Created by the talented Settle Flagmakers Group, the knitted penguins were first seen in 2015 as part of the window display at the town’s Age Concern Charity Shop, where they proved so popular with visitors that a return was demanded.
Settle Flagmakers, under the guidance of Jeanne Carr, have provided the Christmas Exhibition at the gallery for several years. Previous displays have included an all-knitted 12 days of Christmas and, in 2016-17, Treasure Island. As usual the display included a small supply of chocolate money – this time at the bottom of the waterfall, with visitors invited to take a coin. And as in previous years, generous adult visitors added to the supply during the month that the exhibition was on display. And on the day the penguins departed Settle saw its first snow of 2017 – how fitting.
‘‘Who will survive this?’ That is the question posed by the exhibition that opened at the Gallery on September 24 and closed on November 27.
The installation was created by poet Sue Vickerman and photographer Mike Kilyon and relates to the year that the two spent working in Shanghai.
Sue says, ‘Mike’s “photographer’s eye” got really focused on the demolition and destruction of all that was old and historic, while as a writer my thoughts very much turned to apocalyptic calamities – how stable is this transformation at break-neck speed into a space-age city?
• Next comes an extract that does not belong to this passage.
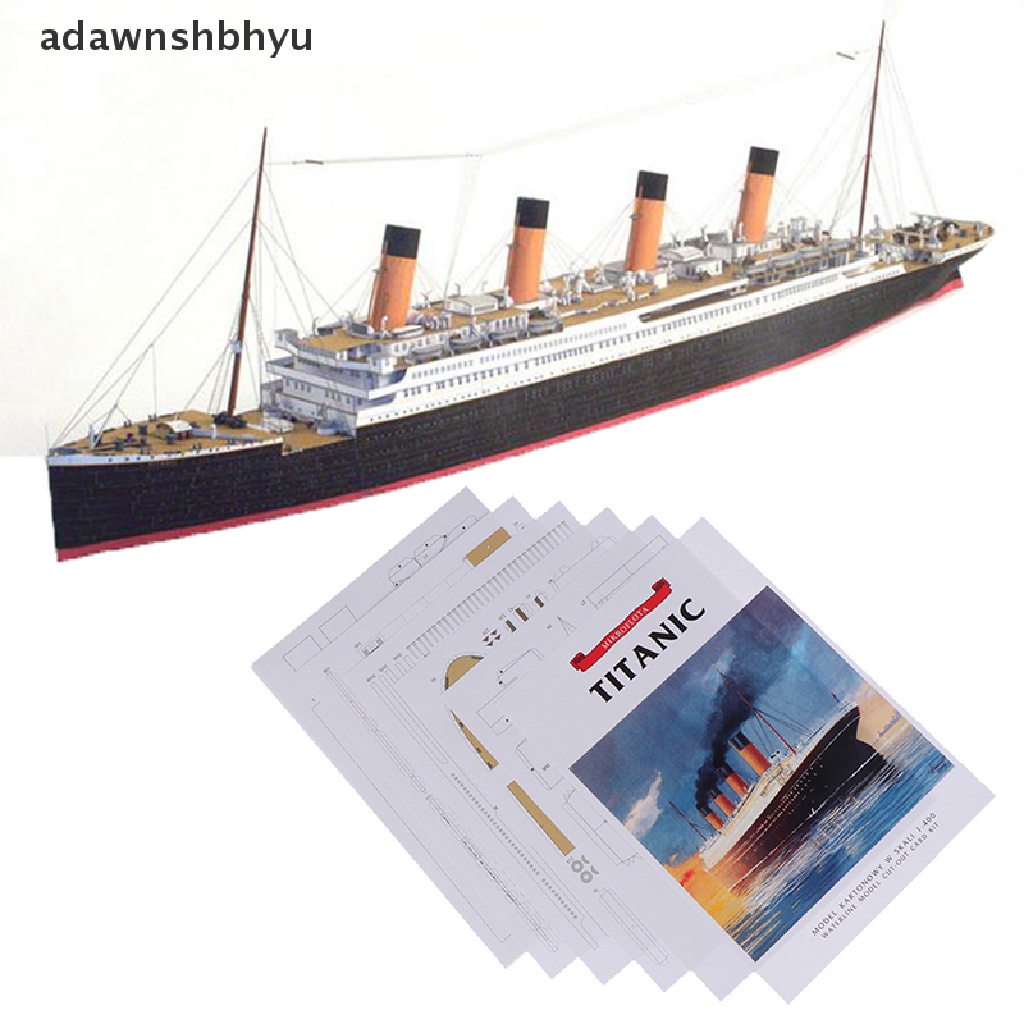 Mô Hình Tàu Titanic 3D Bằng Giấy Tỉ Lệ 1: 400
Couldn’t it all fall down as quickly as it has gone up? I was thinking of the Twin Towers.’
Mike worked with Glasgow Art School to get his images digitally printed onto silk for the installation, seeking a transparent and ephemeral effect suggesting that not even our buildings whether ancient or modern, are solid and reliable any more in this massively transforming world.
The pair promise that a visit to the installation will reveal some rather unexpected answers!
Photographer Mike achieved his long-held wish to move to Settle one year ago after many years living in Baildon (Bradford). Bradford-born Sue Vickerman has lived and worked in several countries but is for the time being settled in the UK, dividing her time between Bradford and Settle.
In advance of the opening of the exhibition Sue and Mike appeared at the Saltaire Festival where their Shanghai Odyssey show featured videos, as well as Mike’s photographs, Sue’s poetry and paintings by Jane Fielder, who visited them whilst they were in Shanghai.
The photographs below show Mike and Sue at the gallery, together with scenes at the launch party held on the Green at the opening of the exhibition.
24th September – 27 November 2016.
Sue and Mike at the Survive launch
Who will survive this? – launch party
One of the scenes from Shanghai that inspired the installation.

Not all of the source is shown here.